Similarly, if the defect does not impair the security of the mortgage, the title company may not be liable at all. For example, in one case,1 the loan policy covered 2,000 acres of land and was issued to insure a construction loan for $15 million. The title policy failed to list as an exception a prior $60,000 mortgage on 33 of the 2,000 acres. When the insured lender took a deed-in-lieu of foreclosure to the 2,000 acres and expected the title insurer to pay off the prior mortgage on the 33 acres, the court determined that the property had a value far in excess of the amount of both mortgages. Consequently, the court held that the lender had no claim because the defect did not impair the security, as the lender realized more than it would have realized through a foreclosure
There are many similar cases where courts have limited the recovery under a loan policy of title insurance to the extent that the security has been impaired by a title defect. On the other hand, cases have been held that in determining the amount of the loss, the title insurer is not entitled to the benefit of the insured lender’s business acumen regarding a later resale for profit of the real property. Nor is the title insurer’s liability increased if the insured loses money on a subsequent sale of the property.

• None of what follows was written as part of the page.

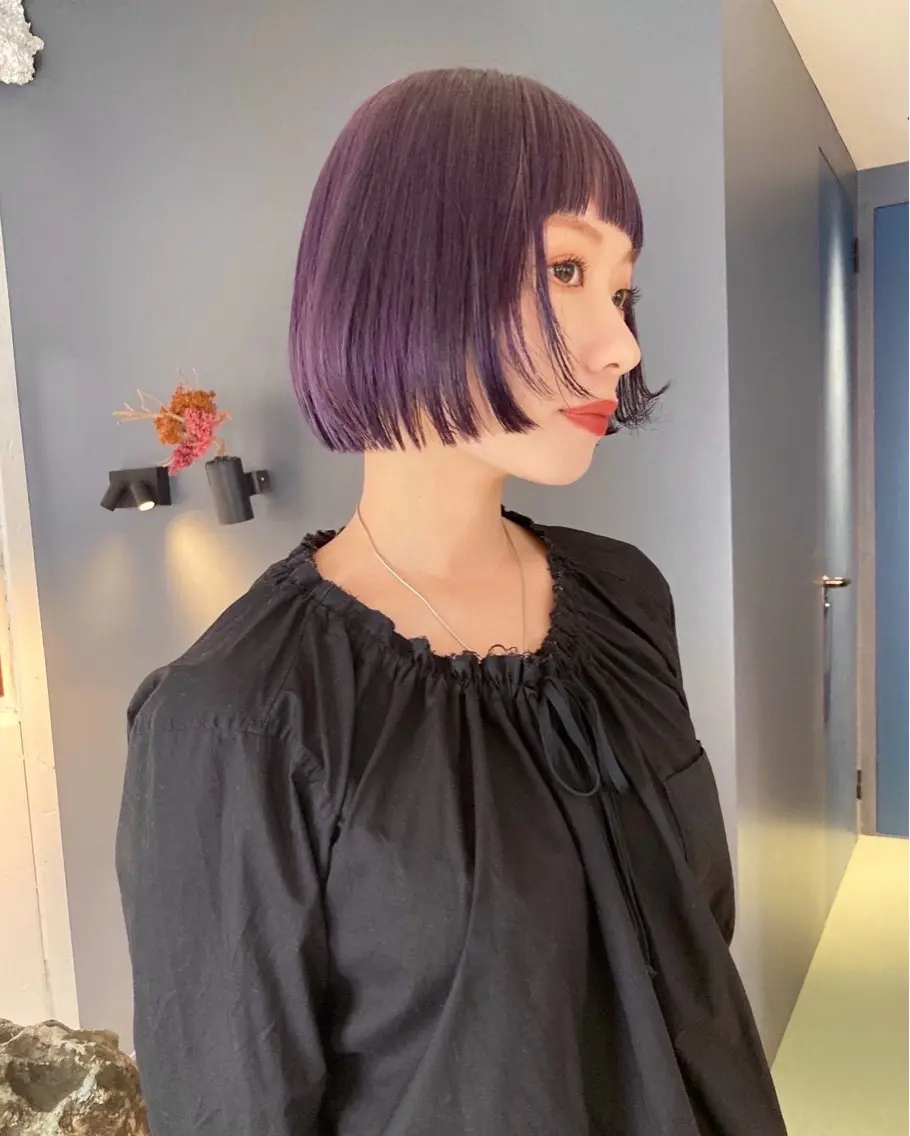 ミディアム ボブレイヤー ボブ レイヤーカット 似合わせカット 🐈三毛猫ローライト ・mixカラー🐈のヘアスタイル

Loan Policy Coverage After Foreclosure
A loan policy continues to provide coverage to the insured lender after the lender acquires title through foreclosure or through a deed-in-lieu. However, the extent of coverage, conditions, and measure of damages remain in accordance with the original loan policy. A loan policy is not automatically converted into an owner’s policy once the insured lender acquires title. Therefore, the title insurer’s liability on a claim under the loan policy is limited to the amount of the mortgage indebtedness insured under the loan policy or the value of the property, whichever is less. For example, if there are easements that were not listed as exceptions from coverage, an owner’s policy would definitely provide that coverage. However, a loan policy would only provide coverage to the extent the value of the property resulting from the easements war reduced below the amount of the mortgage indebtedness.
Obtaining an Owner’s Policy After Foreclosure
Because of the limitation of loan policy coverage, it is becoming increasingly common for a lender to obtain an owner’s policy after acquiring title through foreclosure, notwithstanding that the prior loan policy provides continuous coverage after foreclosure.

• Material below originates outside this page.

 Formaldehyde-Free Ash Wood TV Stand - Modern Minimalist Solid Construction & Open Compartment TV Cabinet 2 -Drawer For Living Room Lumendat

Even if the lender was insured with a loan policy, obtaining an owner’s policy after acquiring title through foreclosure gives added protection in three ways:
- It brings the coverage up to a more recent date
- It provides owner-type coverage instead of lender coverage so that a defect does not have to impair the security to qualify as a basis for a claim.
- Most importantly, it gives a greater assurance that the foreclosure was proper.
If the lender obtains an owner’s policy issued when it acquires title, defects in the foreclosure such as failing to include necessary parties or defects in service of notice on them will be covered. It will then be the obligation of the title insurer under the owner’s policy to reforeclose or compensate for the loss resulting from such defects.